Una crítica a Lxs desobedientes, una ciencia ficción que acude al Cordobazo.

Por Lea Ross

¿Qué es la desobediencia? Es el más sabio de todos los deberes. Eso se escucha entre las voces de Lxs desobedientes, la tercera película de Nadir Medina y estrenada recientemente en el Cineclub Municipal Hugo de Carril. Es decir, carga en sí mismo una cualidad de sabiduría. Esa misma que cargaban aquellas revueltas callejeras en las calles cordobesas que, a la hora de compaginar los registros llevadas a cabo por las distintas lentes de aquella época, pareciera emular a un sueño lejano. Todo eso lo vemos desde la óptica de una Córdoba actual que pareciera desviar el eje de ese deber.

Presentada dentro del género de la ciencia ficción, el director de Instrucciones para flotar a un muerto reconstruye una ciudad de Córdoba que dice ser de un futuro poco preciso; aunque en el tan mentado “multiverso”, podría tratarse de la capital actual en una dimensión paralela. Curiosa decisión ética de poner de protagonista a una trolebusera, donde un año anterior al rodaje, dicha figura obrera tuvo un rol central dentro de un recordado y extenso paro de transporte que paralizó a la urbe, que tuvo su propio testimonio audiovisual en otro filme como es Andá a lavar los platos. Pero en este caso, en este filme futurista, la aferración de ese ahora (mucha veces evadido por el cine, para cederlo a la televisión a la redes sociales) dialoga o “recapitula” con tiempos pretéritos mediante materiales de archivo.
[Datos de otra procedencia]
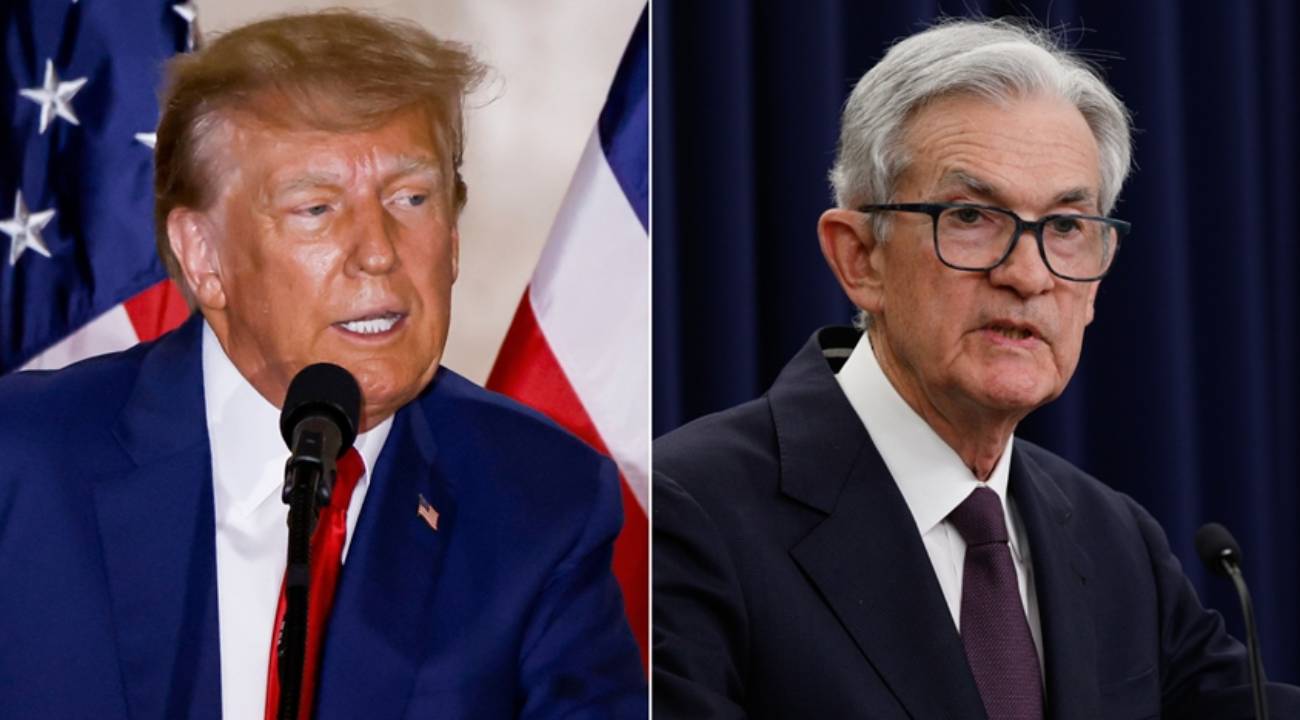 Trump durmuyor: Powell’a 6 ayda 23 eleştiri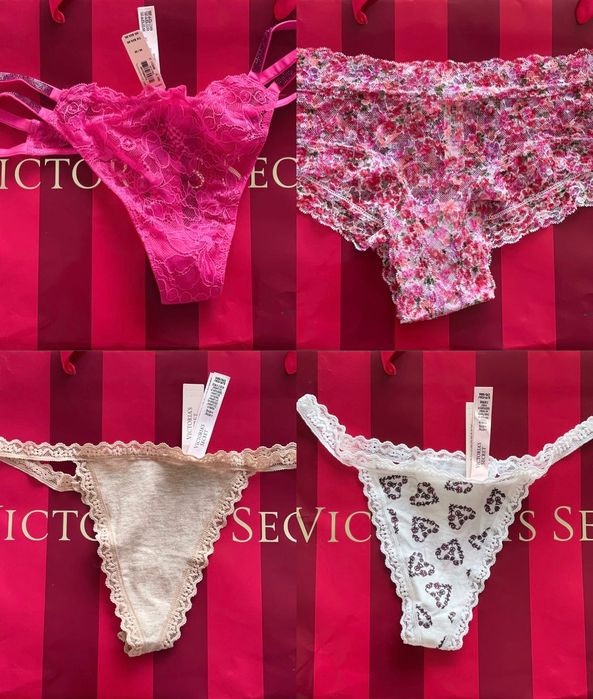 Дамско бельо Victoria’s Secret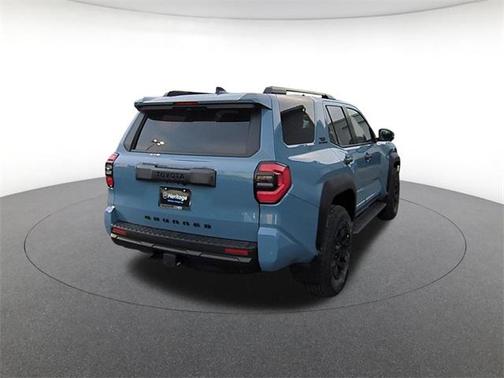 2026 Toyota 4Runner TRD Off Road Premium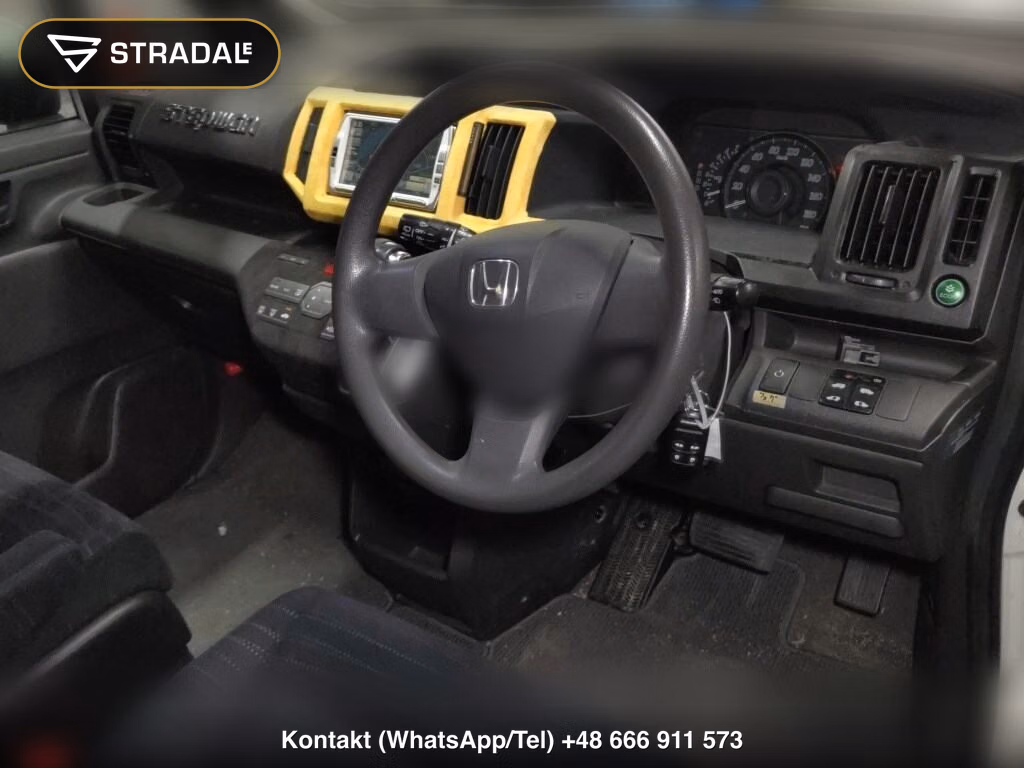 HONDA STEPWAGON 5D G HID EDITION, miniaturka 4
En la película, las noches se vuelven eternas. El ambiente sonoro tiene una fineza que tiende a lo tétrico. Los rostros que quiebran la cuarta pared, en algunos casos portando máscaras de gas, nos dicen sin palabras de una sociedad administrada por una régimen “de derecha, neoliberal, empresarial, fascista y represiva”. Ante esos claroscuros, en recónditos lugares, se planifica una gesta. Y las memorias registradas, de manera fílmica y televisiva, del Cordobazo u otros eventos de entre fines de los sesenta y principios de los setenta se mete en la trama de manera suave.

Todos los compromisos del sonido se cumplen. Desde el mencionado ambiente lúgubre, pasando por alguna sorpresa estridente, hasta la adulteración de los viejos registros otorgan una suerte de “hackeo” celestial radiofónico, donde la grabación de palabras se ahuecan y adquieren una intervención que paraliza lo establecido en todo el espectro.

La película tiene su límite al centralizar un símbolo común en la lucha, materializada por el dibujo de una rosa que, más allá de su parentesco involuntario al logo del Partido Socialista, termina homogenizando la causa común, en contrapartida a lo que implicó la revuelta de 1969, logrado mediante la confluencia de diversos lineamientos de las izquierdas revolucionarias, que partían desde Perón al Che, desde Marx hasta Mao, o incluso desde la figura de Cristo. Eso no le quita crédito de irreverencia al acudir a la más emblemática canción de Sandro.

De esta manera, la parálisis política que tiene Lxs desobedientes al no tomar esa capacidad de maduración política de esas fuerzas disimiles -en contrapartida a un cine más “comercial”, que toma al arquetipo del rebelde colectivo guiado por una figura sin chistar y sin fisuras internas- no es ajeno a gran parte del cine “político”, que muchas veces toma a la discusión de la misma como un pantano a esquivar. Meterse en ella será un verdadero acto desobediente.